- Birth name: Gaye Black
- Born: 25 August 1956 (age 68) Bideford, Devon, England
- Genres: Punk rock
- Occupation: Musician
- Instrument: Bass guitar
- Years active: 1976–1979
- Labels: Stiff
- Formerly of: The Adverts

= Gaye Advert =

Gaye Black (born 25 August 1956), known professionally as Gaye Advert, is an English punk rock musician, best known for being the bassist in The Adverts in the late 1970s. She was one of the first female rock stars of the punk rock movement, whom The Virgin Encyclopedia of 70s Music called the "first female punk star." She was "one of punk's first female icons". Dave Thompson wrote that her "photogenic" looks, "panda-eye make-up and omnipresent leather jacket defined the face of female punkdom until well into the next decade."

==Life and career==
Gaye Black was born on 25 August 1956, in Bideford, a small coastal town in North Devon. She started playing bass in her room to pass the time, chosen as it was her favourite instrument, and was taught by future bandmate T.V Smith.

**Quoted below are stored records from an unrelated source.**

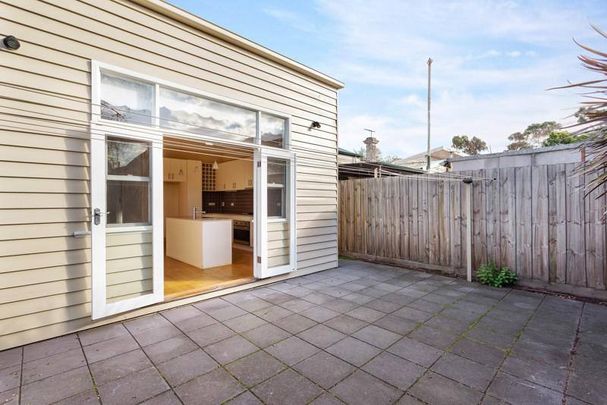 Charming Cottage Close to the Station - Photo 1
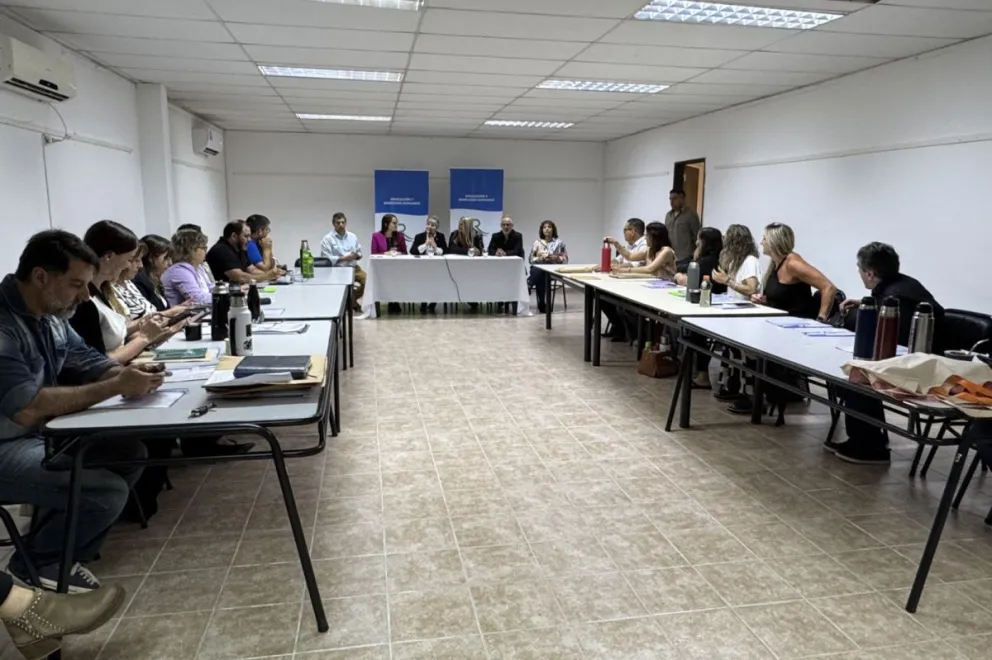 Destacan los avances educativos en las jornadas de Consejos Escolares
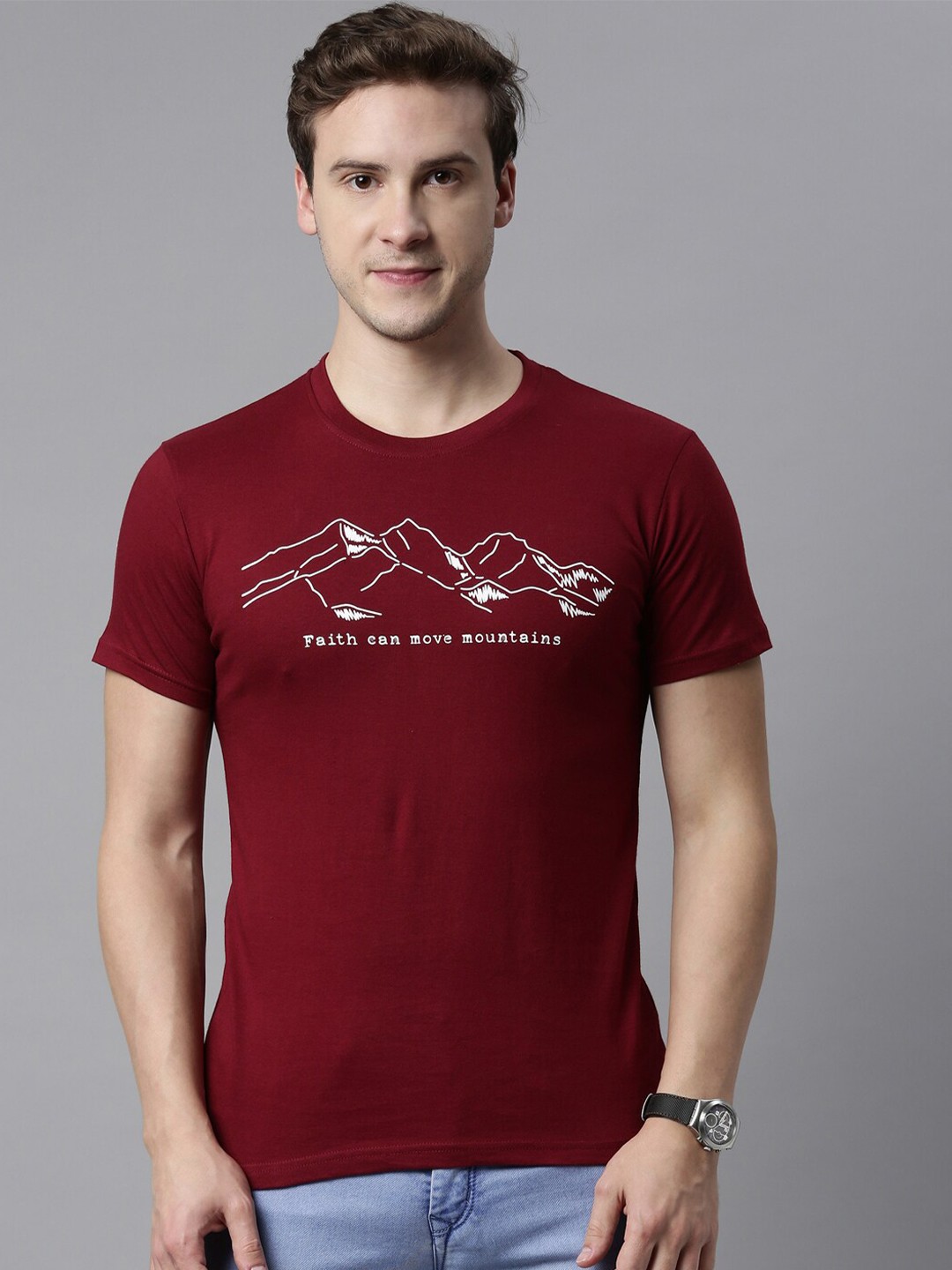 

Joven Men Maroon Typography Printed T-shirt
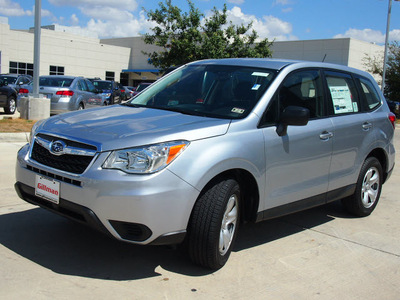 subaru forester 2014 silver suv 2 5i gasoline 4 cylinders all whee drive automatic 78233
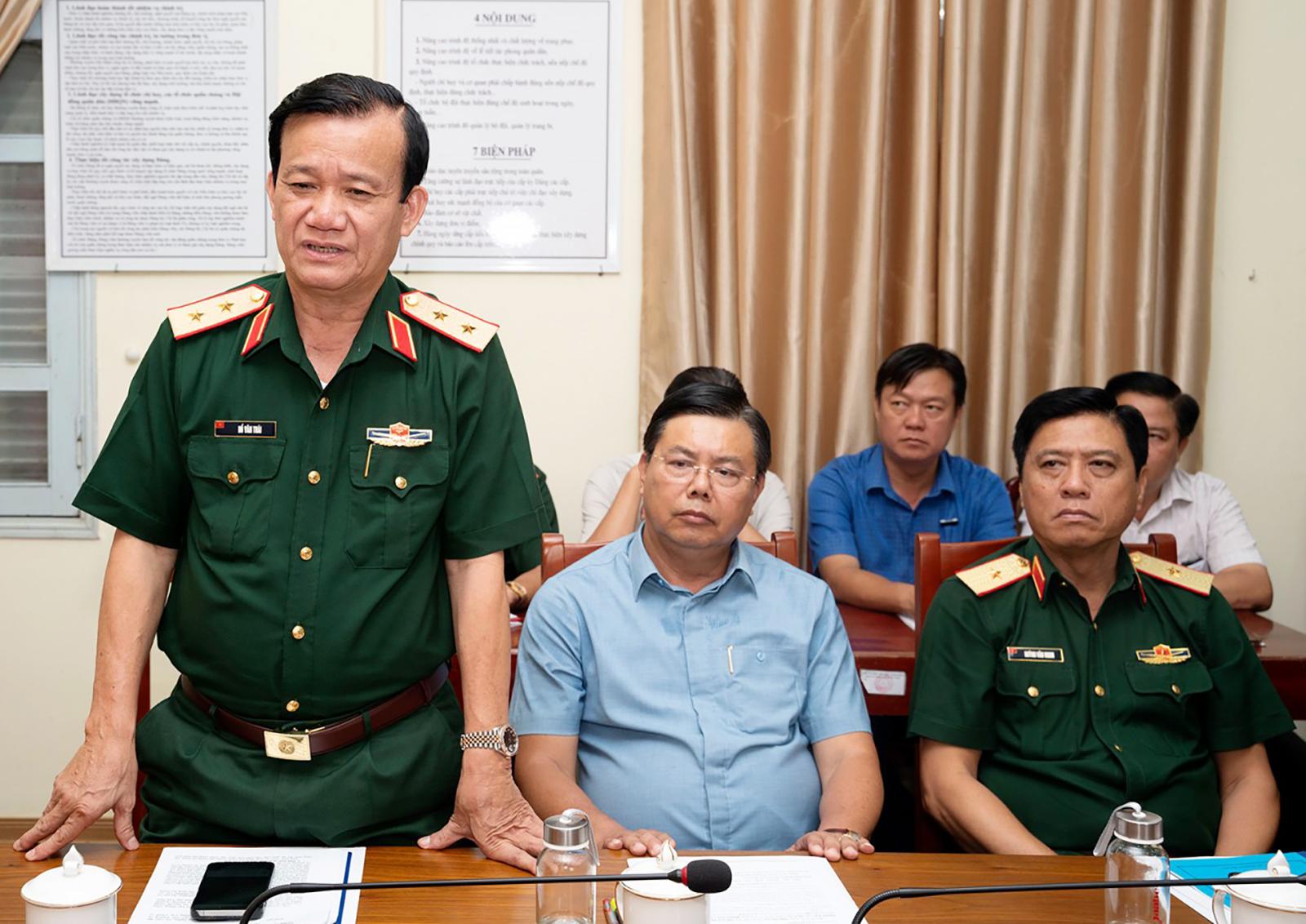Đại tướng Nguyễn Trọng Nghĩa thăm, làm việc với Đồn Biên phòng Cửa khẩu quốc tế Tịnh Biên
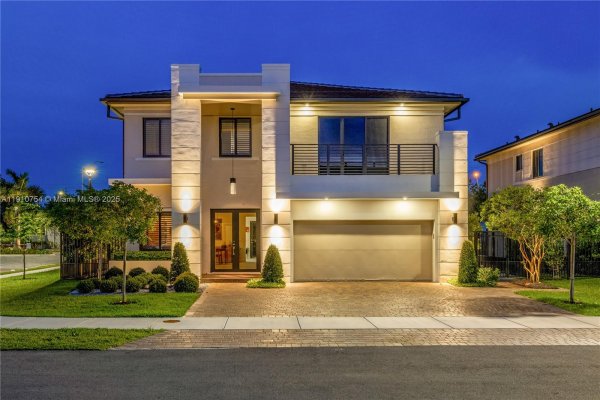 12021 SW 82nd Pl Miami, FL 33156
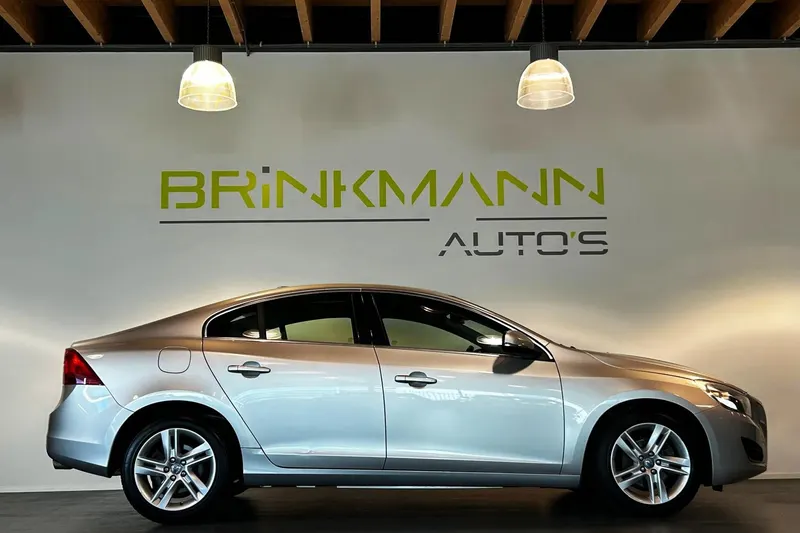 Volvo S60 (2012)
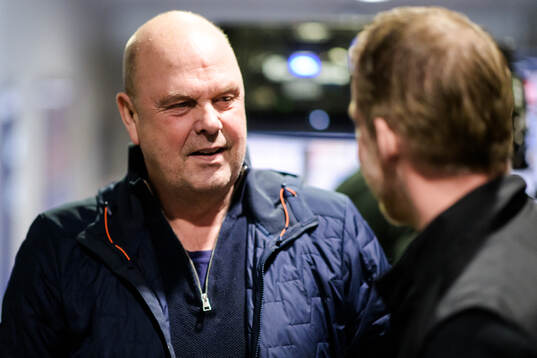 Före detta tränare Per-Erik Johansson träffar spelare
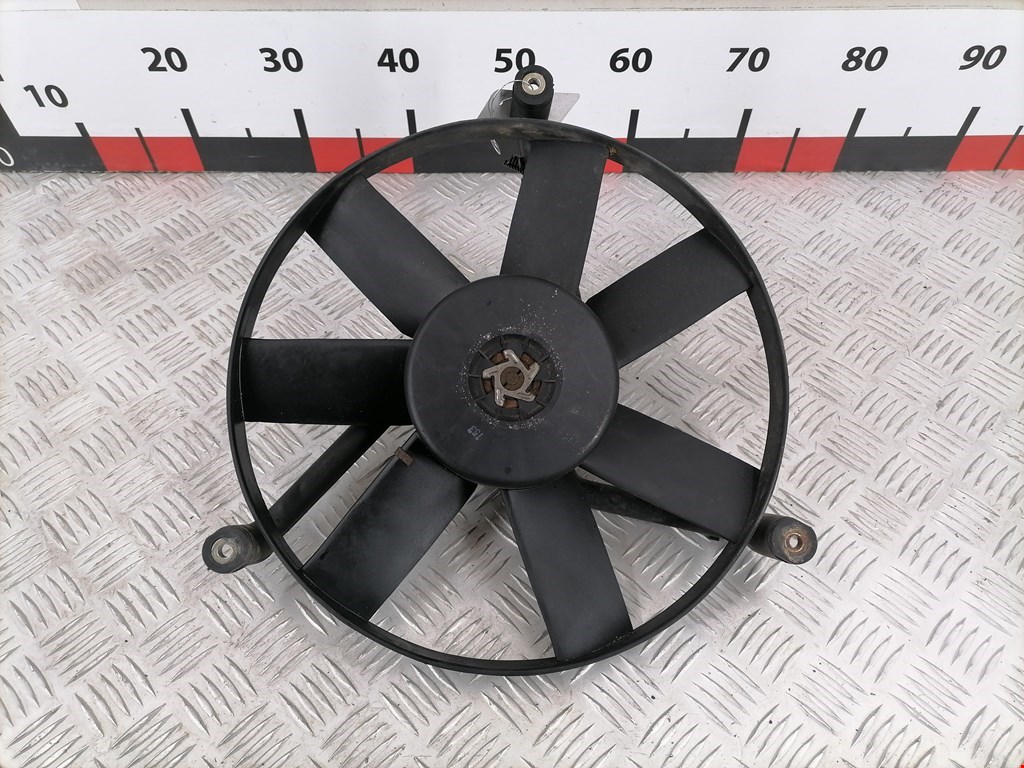 Вентилятор радиатора основного Volkswagen Polo 3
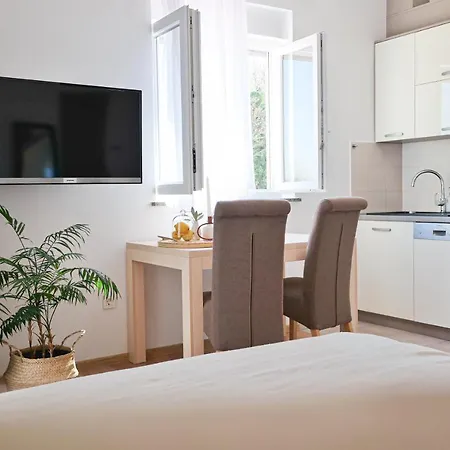 Karbonaca Apartments Fažana Zewnętrze zdjęcie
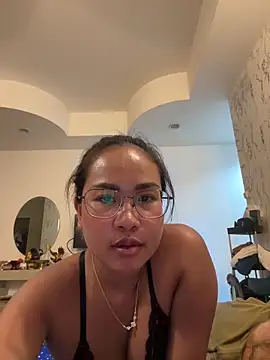 Ponthip online show from April 5, 6:47 pm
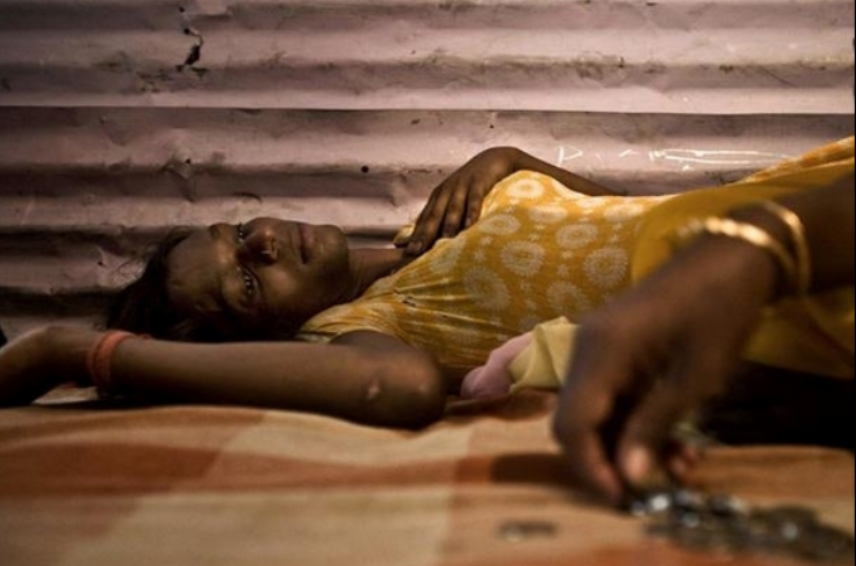 探秘孟买性工作者 艾滋居高不下，铺条毯子就地工作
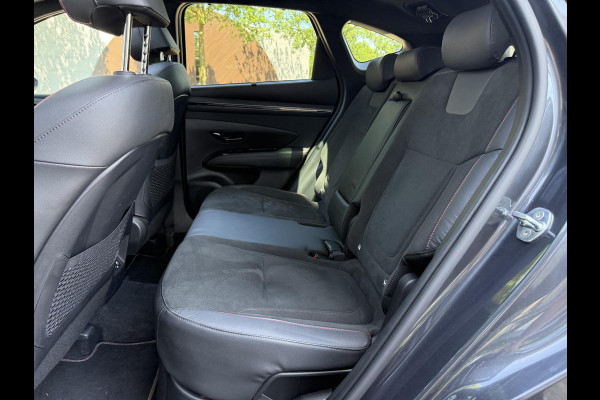Hyundai Tucson 1.6 T-GDI HEV N Line VAN: 36.900,- VOOR: 34.877,- UW WKVOORDEEL: 2.023,-| PANO |DEALER ONDERHOUDEN| HYUNDAI GARANTIE T/M 02-2028| STOELVENTILATIE + VERWARMING| CAMERA | FULL OPTIONS| ACHTERBANK VERWARMD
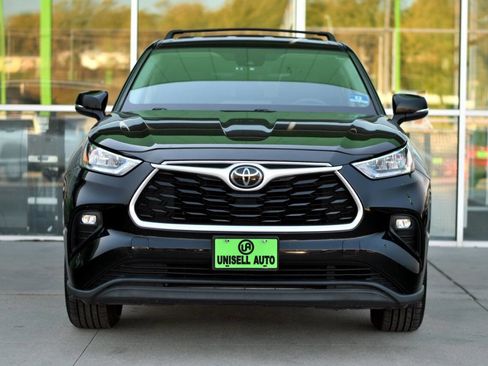Used 2020 Toyota Highlander LE image 2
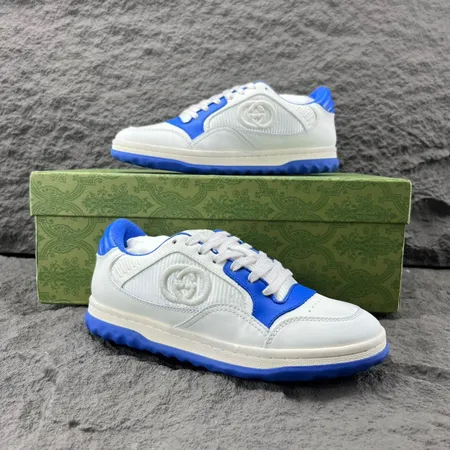 グッチ カジュアルシューズ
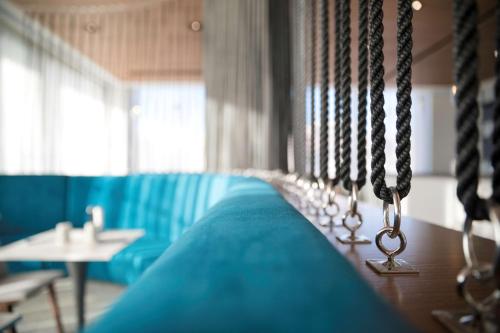Uma área de estar em Radisson Blu Hotel, Larnaca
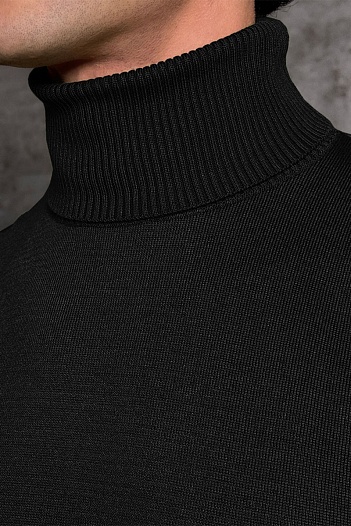 Водолазка чёрного цвета compass-patch   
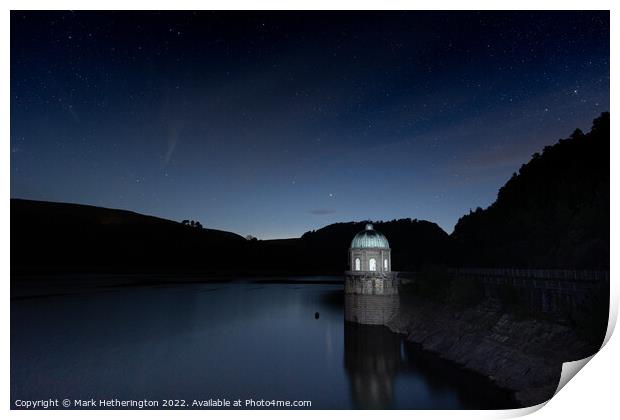 Garrag Ddu Dam control tower under the stars Print by Mark Hetherington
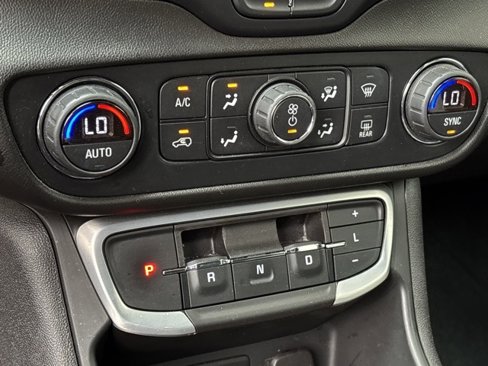 Certified 2022 GMC Terrain SLT image 15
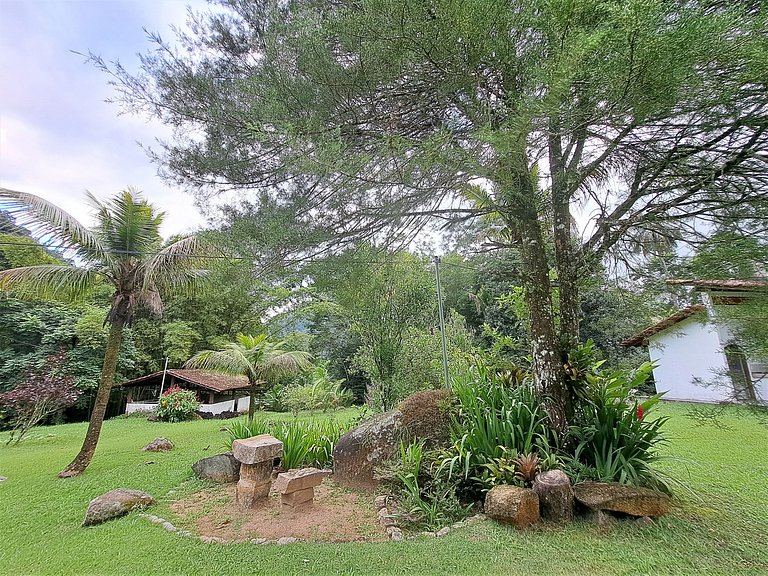 Paradisíaco, piscina e churrasqueira em Guapimirim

Advert had done three years at art college and was reading about punk in the music papers when she decided in 1976 to go and see for herself. After she finished college, qualifying in graphic design, Advert and Smith moved to London due to a lack of jobs and other opportunities in Devon. The two later recruited guitarist Howard Pickup who worked at a rehearsal studio. After trying to find a drummer for a while, they met Laurie Driver, who had never played drums before, but offered to join the band. Advert later married Smith.

After the demise of the Adverts in 1979 due to public media attention, the record deal coming to an end, the death of their manager and turmoil amongst members, Advert stopped playing bass and disappeared from the British punk scene. She has said that she was "a bit disillusioned and worn out," and felt picked on by the press, calling them "pretty sexist - they really sort of pick on you, and go: ‘Ooh, you’re a woman!’. But I just wanted to be a musician. I just wore my normal clothes, my jeans pretty much." She then took up a career as a homecare manager in social services. After 17 years there, many employees including herself were made redundant. She retired and went back to making art. She recounted her experiences of being in the band in an interview for Zillah Minx's 2010 film She's a Punk Rocker UK.

Advert no longer plays bass due to arthritis in her thumbs and does not see a possibility in a reunion. She continues to create art, often in the medium of stained glass, and began to exhibit her work in 2008. She describes her art as "dark, a bit creepy, grotesque in places but with contrasts."